--- START ---

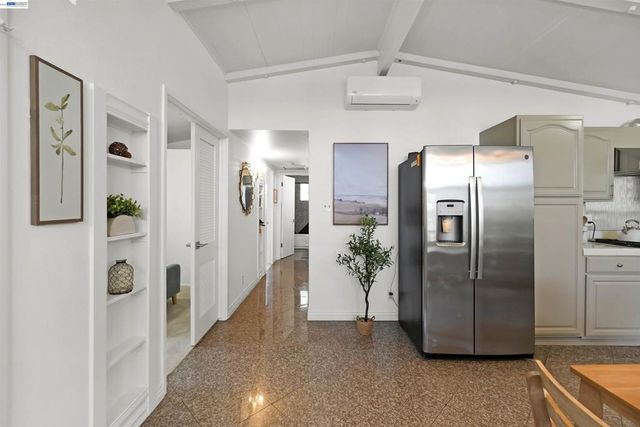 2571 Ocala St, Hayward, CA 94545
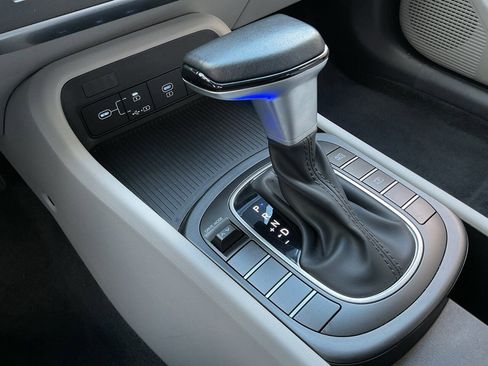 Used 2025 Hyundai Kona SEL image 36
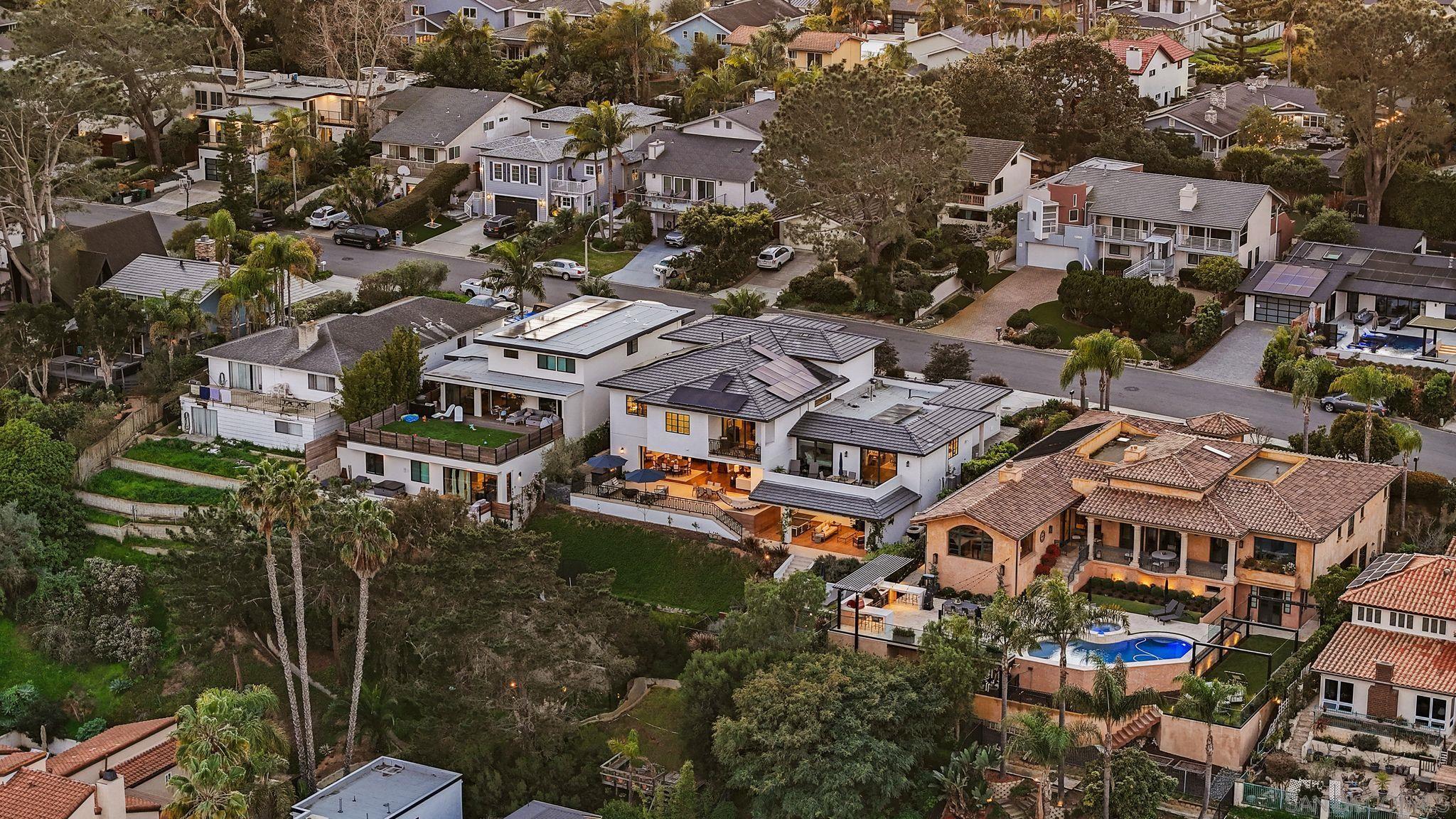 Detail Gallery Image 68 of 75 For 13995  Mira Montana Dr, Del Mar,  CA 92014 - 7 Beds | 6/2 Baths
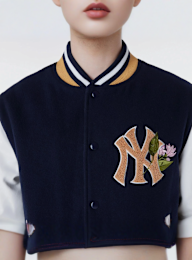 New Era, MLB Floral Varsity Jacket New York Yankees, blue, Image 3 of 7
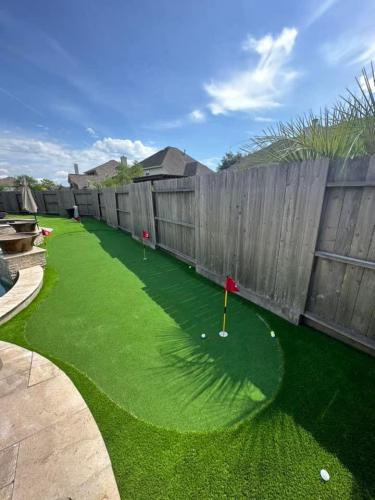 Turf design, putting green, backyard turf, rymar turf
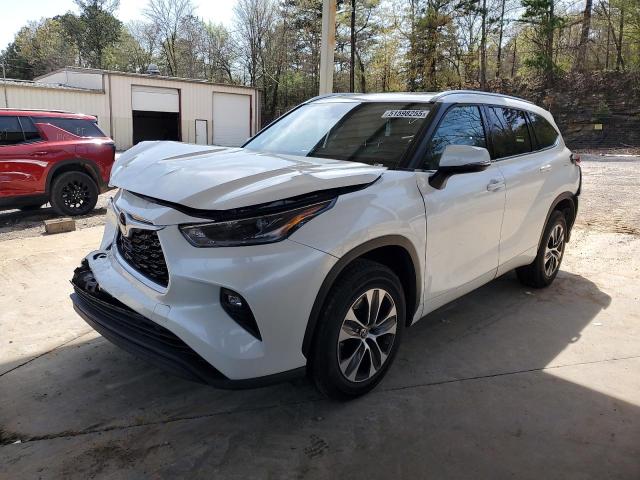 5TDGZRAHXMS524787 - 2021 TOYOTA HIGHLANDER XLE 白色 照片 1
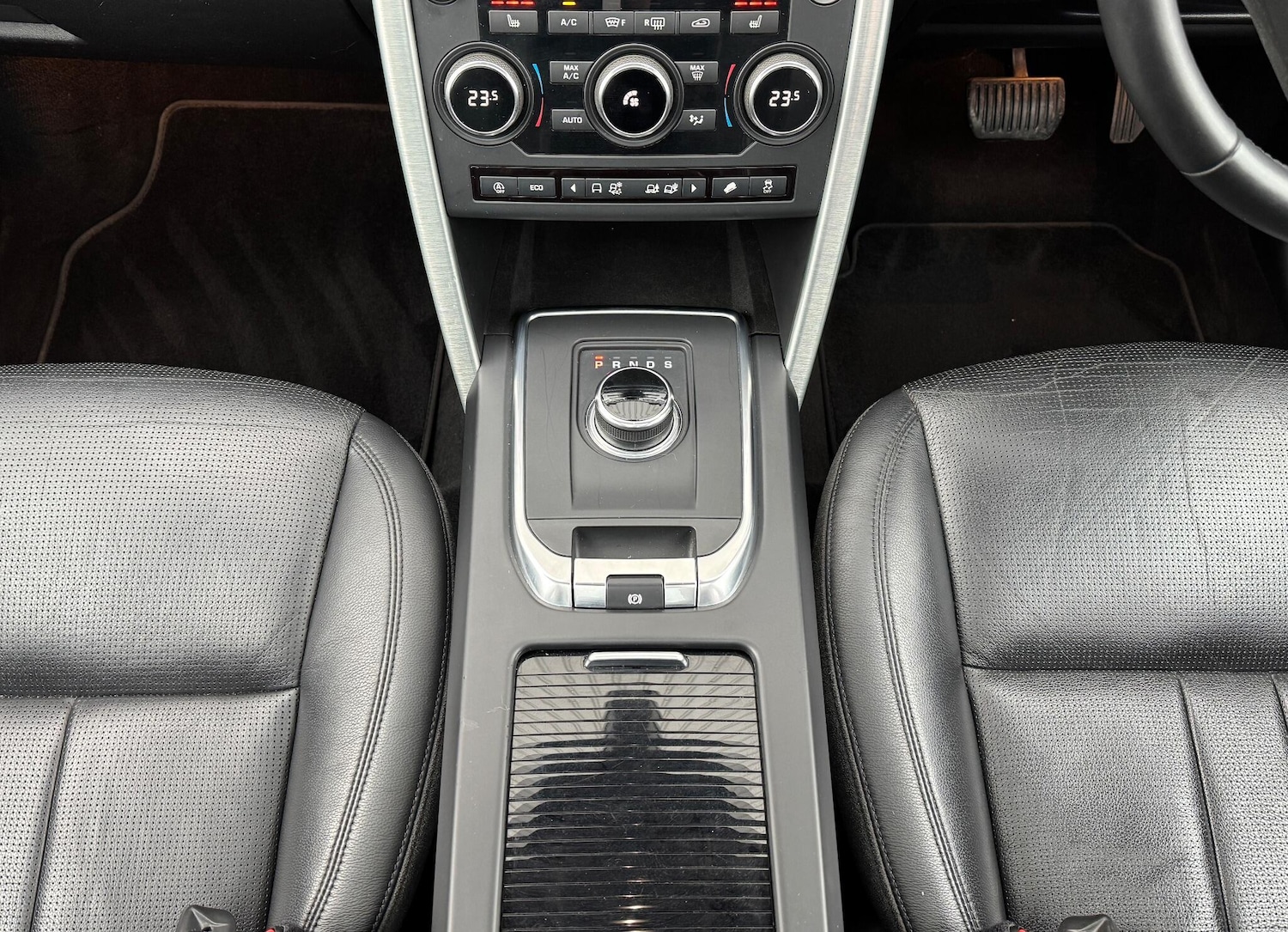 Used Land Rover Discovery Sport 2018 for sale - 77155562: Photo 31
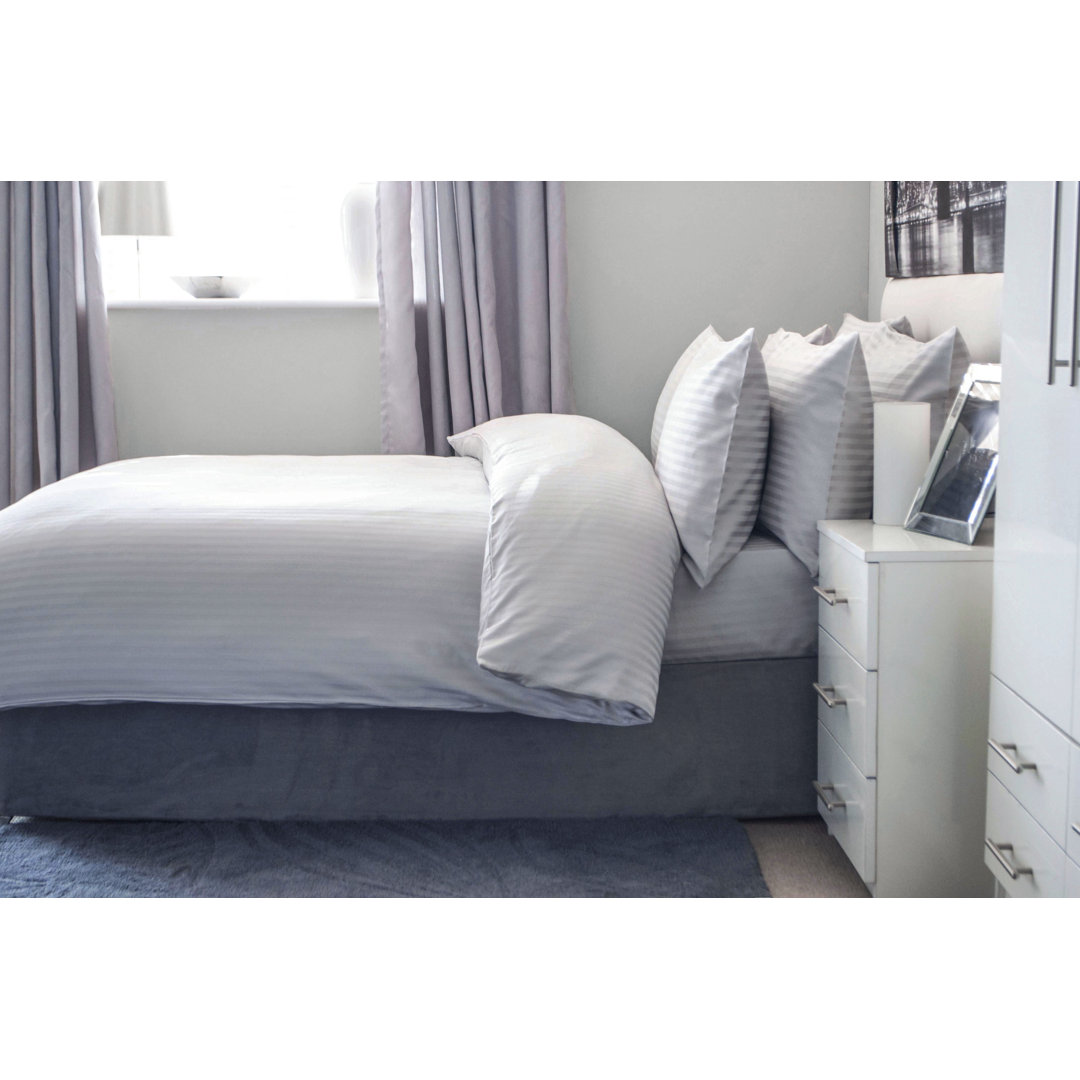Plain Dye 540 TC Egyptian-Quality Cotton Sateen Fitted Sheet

--- END ---

### WORK TASK
Nothing but the lines from the one with "New Era, MLB" through the last line of the records should appear in your answer, each exactly as written and without pictures.

### EXERCISE OUTPUT
 New Era, MLB Floral Varsity Jacket New York Yankees, blue, Image 3 of 7
 Turf design, putting green, backyard turf, rymar turf
 5TDGZRAHXMS524787 - 2021 TOYOTA HIGHLANDER XLE 白色 照片 1
 Used Land Rover Discovery Sport 2018 for sale - 77155562: Photo 31
Plain Dye 540 TC Egyptian-Quality Cotton Sateen Fitted Sheet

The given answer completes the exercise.